Tra i religiosi illustri del Convento vi fu il predicatore e scrittore Fra Agostino Campelli, nativo di Leonessa, vissuto tra la fine del XIV secolo e la prima metà del XV. Per i suoi meriti verso la San Sede fu nominato Vescovo di Bova in Calabria. Morì a Roma il 22 agosto del 1435, fu seppellito nella chiesa di Sant’Agostino nella soglia della porta maggiore. Vi fu scolpita in lapide l’effigie di lui coll’arme gentilizia, consistente in un bue rosso in campo d’argento, con modesta iscrizione.ix “L’epitaffio di lui, già esistente in detta chiesa, suonava così: Hic jiacet corpus Rev mi in Christo Patris e Dominus Domini Augustini Campelli de Gonessa Ord Heremitarum Episcopi Bovem, qui obiit an. MCCCCXXXV die XXII Augusti cuius anima requiscat in pace.”x

Nel 1584 L’Università di Leonessa affidò in custodia al monastero di San Pietro il patrimonio librario ricevuto in lascito dall’Agostiniano di Leonessa Manfredo Giudici (m 1567), affinché, secondo le volontà del monaco, vi si facesse una biblioteca pubblica. Fu, decisamente, questo un provvedimento fuori dall’ordinario, che dimostra quanto elevato doveva essere il livello culturale e civile della città.

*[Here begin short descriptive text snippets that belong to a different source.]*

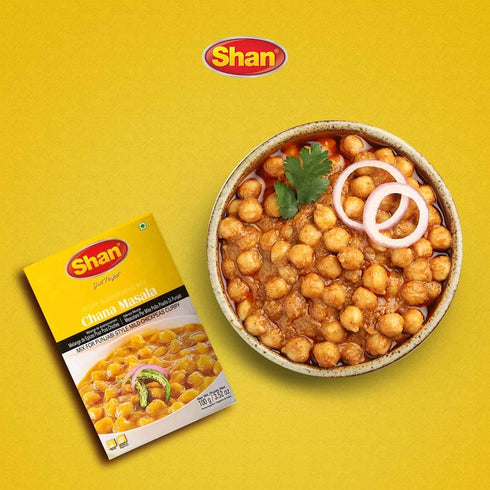3.52 oz (100g) (Pack 6) Shan Chana Masala Recipe and Seasoning Mix - Spice Powder for Punjabi Style Mild Chickpeas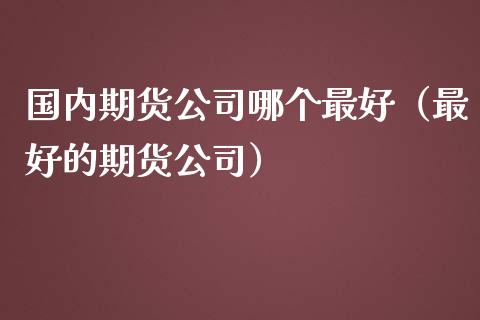 国内期货公司哪个最好（最好的期货公司）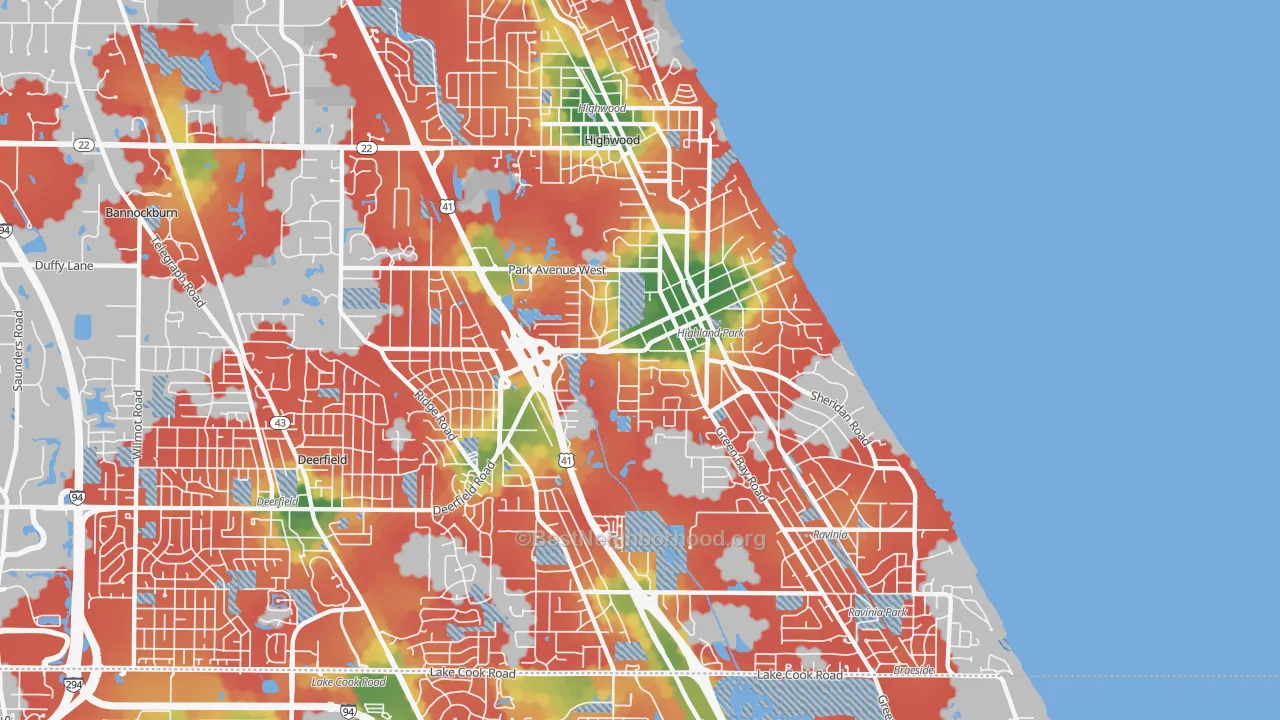 Walk Grade map of 60035, IL, walkable areas in green and car-dependent areas in red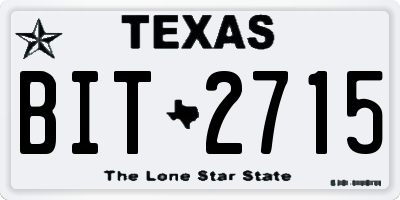 TX license plate BIT2715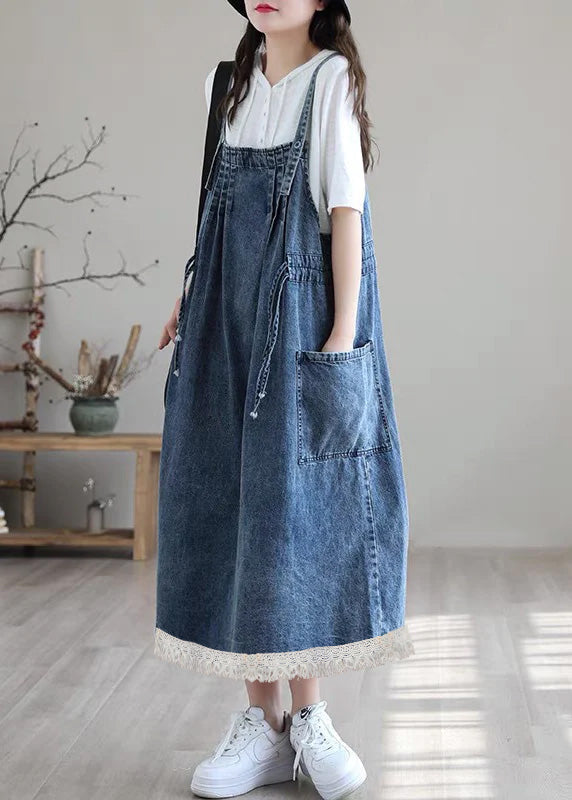 Plus Size Blue-white flower drawstring pocket Spaghetti Strap Cotton denim Dress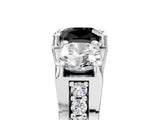 White gold Fancy Black Cushion Cut Diamond Three-Stone Ring with Channel Set Band and Four-Prong Setting_29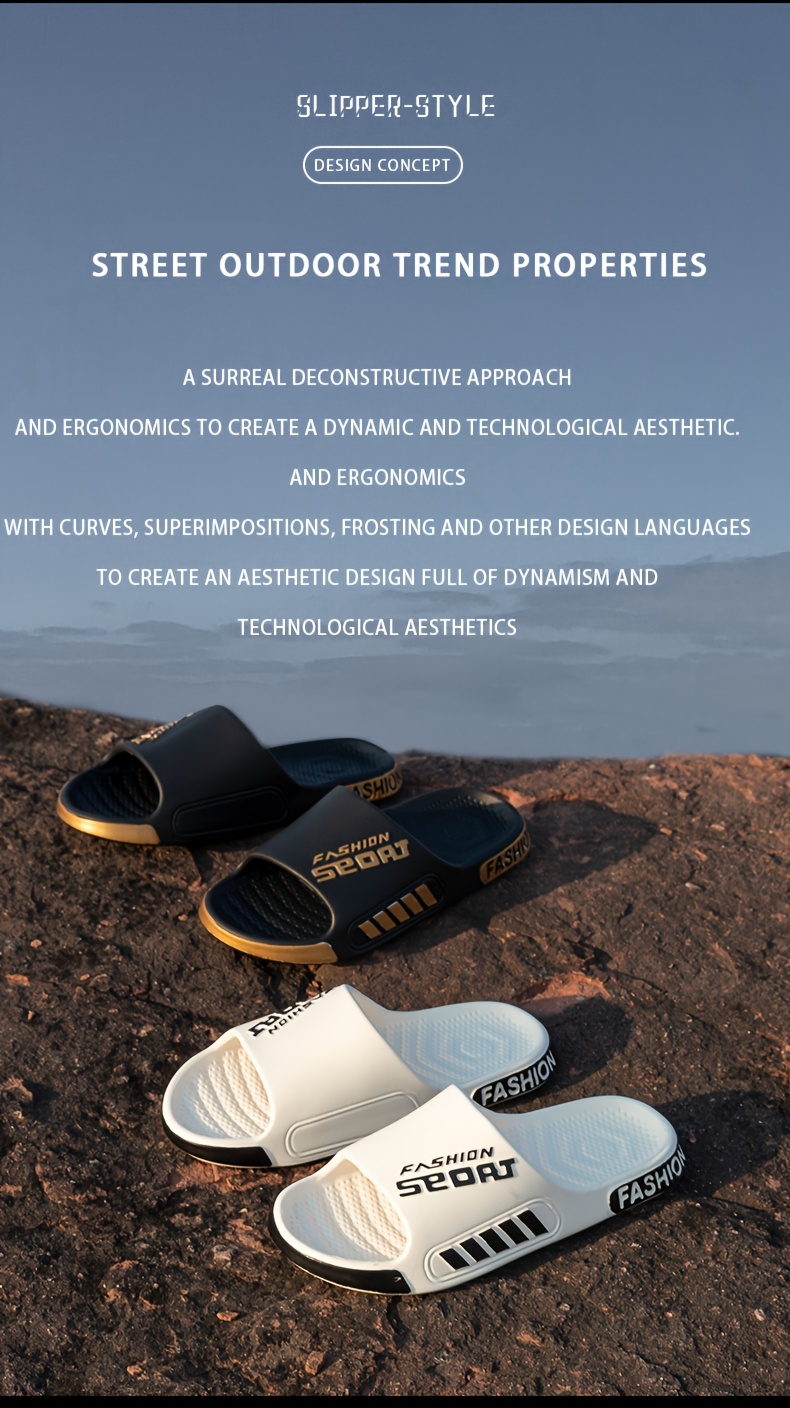 A Pair of Unisex Fashion Sports Slippers - EVA Material, Lightweight, Non-Slip, Shock Absorbing, Durable Sandals for Indoor & Outdoor Wear, Ideal for Hiking And Casual Ussuitable for Men & Women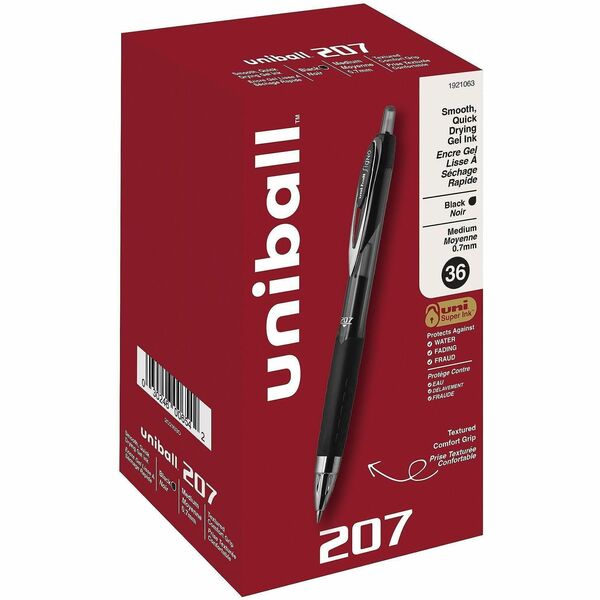 uniball 207 Retractable Gel Pens - 0.7 mm (0.03") Medium Pen Point - Refillable - Retractable - Black Ink - Pigment-based - 36 / Pack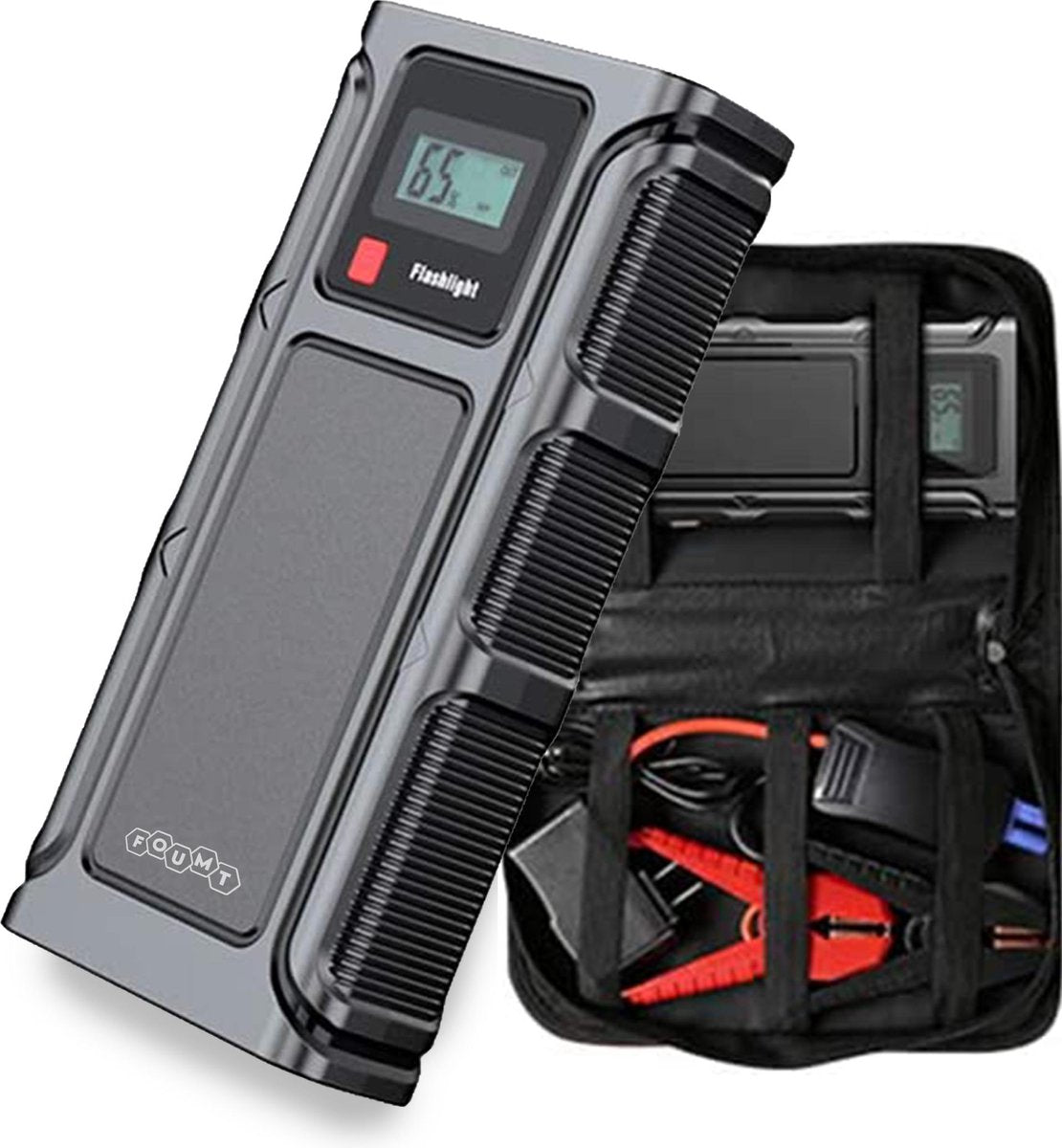 Foumt 12V Jumpstarter – Powerbooster – Acculader – Snelstarter – Startbooster – Starthulp - Inclusief powerbank (10.400 mAh) met USB en USB-C poort – Jumpstarter met waarschuwingslicht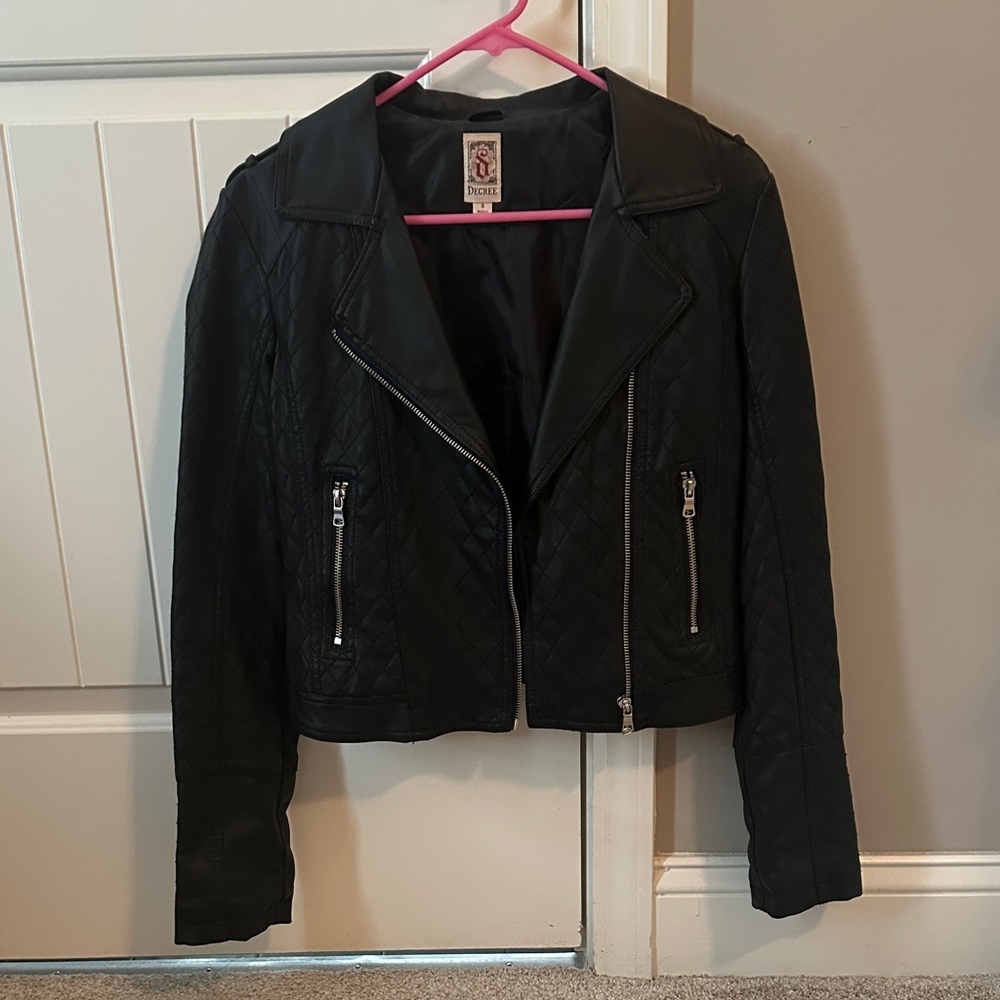 Decree Black Quilted Leather Jacket with Silver Zippers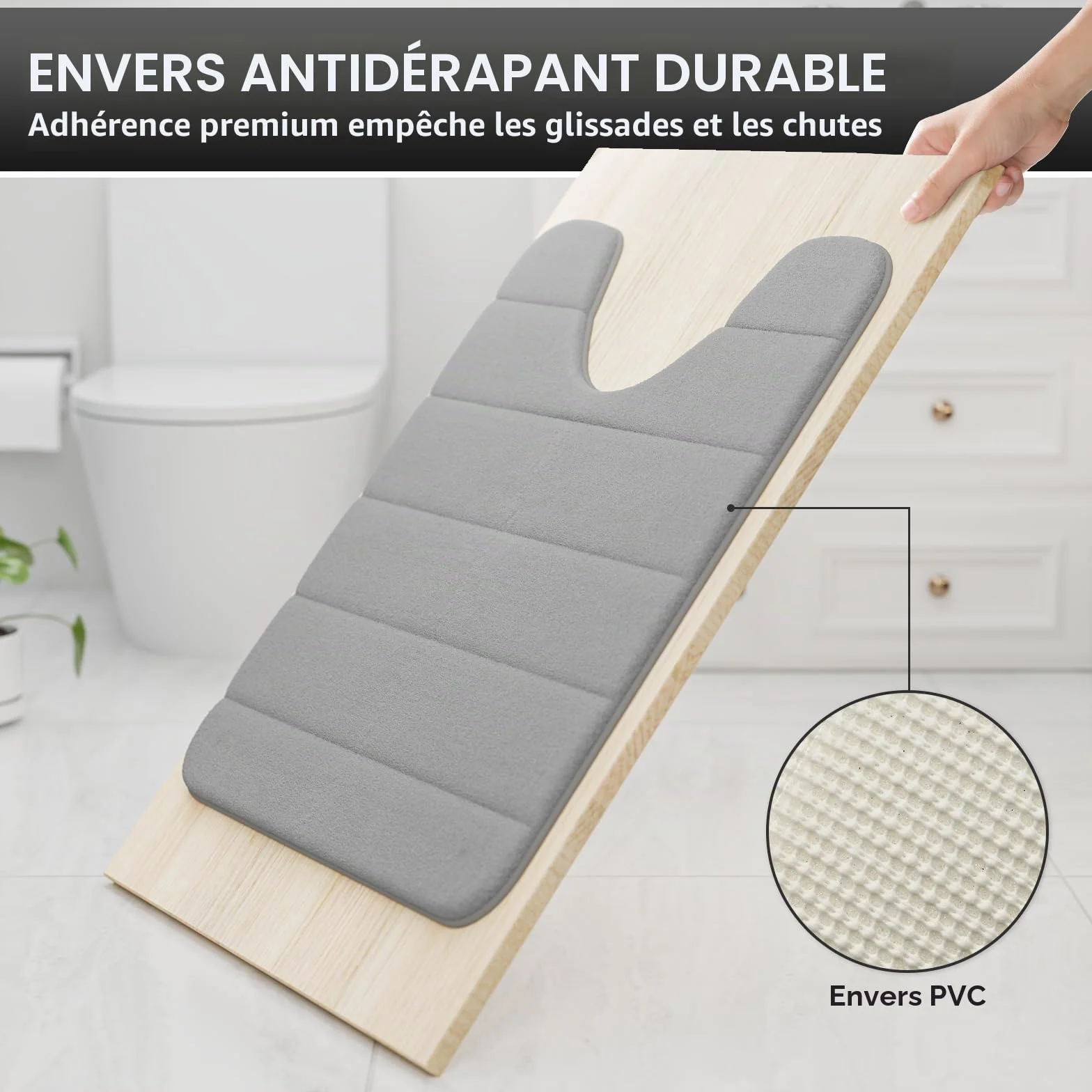 Tapis de toilette en mousse à mémoire de forme 50 x 60 cm gris antidérapant super absorbant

Il terremoto del 1703 provocò gravissimi danni al Convento e soprattutto alla chiesa di San Pietro: crollarono le due navate laterali e l’abside, così l’edificio sacro fu ricostruito ad unica navata in stile barocco come si presenta oggi.

Come accennato sopra, nel gennaio del 1770 il Convento fu aggregato alla nuova Provincia Monastica Aquilana; il primo Capitolo Provinciale dell’Ordine si svolse proprio a Leonessa, il 6 maggio dello stesso anno, confermando l’importanza del Convento.

Nel 1809 la Provincia Monastica dell’Aquila, insieme a molte altre del Regno di Napoli, fu soppressa con tutti i suoi conventi negli Abruzzi, fra cui quello di Leonessa, con Regio Decreto del 7 agosto 1809, n° 448, di Gioacchino Murat (cognato di Napoleone). L’articolo 5° prescriveva che:”Per tutto il 15 ottobre prossimo usciranno dai monasteri e deporranno l’abito dell’Ordine […], i sacerdoti e gli altri ordinati in sacris vestiranno l’abito di preti, formeranno parte del clero secolare e potranno concorrere alle porzioni laiche, ai benefizi e a qualunque carica ecclesiastica ecc.”.

Tra tutti i religiosi agostiniani della Provincia dell’Aquila, “Solo alcuni, vestiti da preti, riuscirono a rimanere a custodia delle proprie chiese. A Leonessa saranno P. Manfredo Giudici, ultimo Provinciale degli Abruzzi, e P. Nicola Antonelli.”xi

Il Convento fu affidato al Comune di Leonessa, che dal 1814 lo adibì a diversi usi tra cui a prigione e a sede della “giustizia di pace”.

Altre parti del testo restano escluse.